Pyramids and Astronomy
ALIGNMENT OF THE PYRAMIDS TO TRUE NORTH
The Great Pyramid's north-south axis is aligned to within three-sixtieths of a degree of true north-south. It would be worthwhile to note that this alignment is more accurate than that of the Meridian Building at the Greenwich Observatory in London, which deviates from true north by nine-sixtieths of a degree. Even though there is no evidence in ancient texts that the Egyptians used astronomical knowledge in the construction of the pyramids, it seemed possible that they did indeed possess such knowledge, and had used it in finding the true north.
This conjecture came about after the analysis of the night sky in 2, 500BC. Egyptologist Kate Spence came up with a more precise method to date the Pyramids of Giza using slight divergences in their bases' alignment from the true north direction. Nature 408'2000, Pg320-324 In this issue, she also proposed a method which might have been used by the Egyptians to find true north.
The precise alignment to true north can only be achieved by astronomical algorithms but the existing Egyptians transcripts mentioned nothing about the exact way to obtain it. By comparing the rising and setting positions of the Sun in the east and the west and bisect the angle between them, we can find the true north. If we apply this procedure, the procedure must be carried out near the time of a solstice, when the Sun seems momentarily to stand motionless in its position in its seasonal transit higher or lower in the sky. However, difficulties with observing objects near the horizon due to the interference from the Earth's atmosphere and with having a perfectly horizontal view at the same level or height at both the east and west sides which make this method quite unreliable.
Alternatively, we can build some type of scaffolding to provide a view line for alignment with the north pole star but there was no appropriate pole star when the pyramids were built. Directly above their heavenly counterparts, the celestial poles are points in the night sky around which the stars seem to rotate about. Now, the north celestial pole points close to the star Polaris. As the Earth's axis of rotation is changing due to precession, the positions of the celestial poles shift gradually among the stars in a 26, 000-year precessional cycle.

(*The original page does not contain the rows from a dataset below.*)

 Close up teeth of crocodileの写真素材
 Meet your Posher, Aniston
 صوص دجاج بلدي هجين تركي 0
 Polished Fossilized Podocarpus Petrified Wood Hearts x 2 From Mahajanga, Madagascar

Therefore, Spence came up with the suggestion that despite the fact that there was no pole star present for accurately pinpointing the exact true north in ancient Egypt when the pyramids were built, there was a pair of moderately shining stars, each on the either side of the ancient celestial pole, which in 2467 BC aligned exactly along a straight line including the celestial pole. One of the stars is Kochab in the bowl of the Little Dipper, the other star is Mizar in the middle of the handle of the Big Dipper Kochab and Mizar are technically known as b-Ursae Minoris and x-Ursae Majoris. In 2467 BC, an Egyptian astronomer could wait while the heavens slowly pivoted around the unmarked pole until a plumb line exactly intersected both stars, one above the invisible pole and the other below it. The sight line to the horizon point directly below the plumb line would then point straight to north.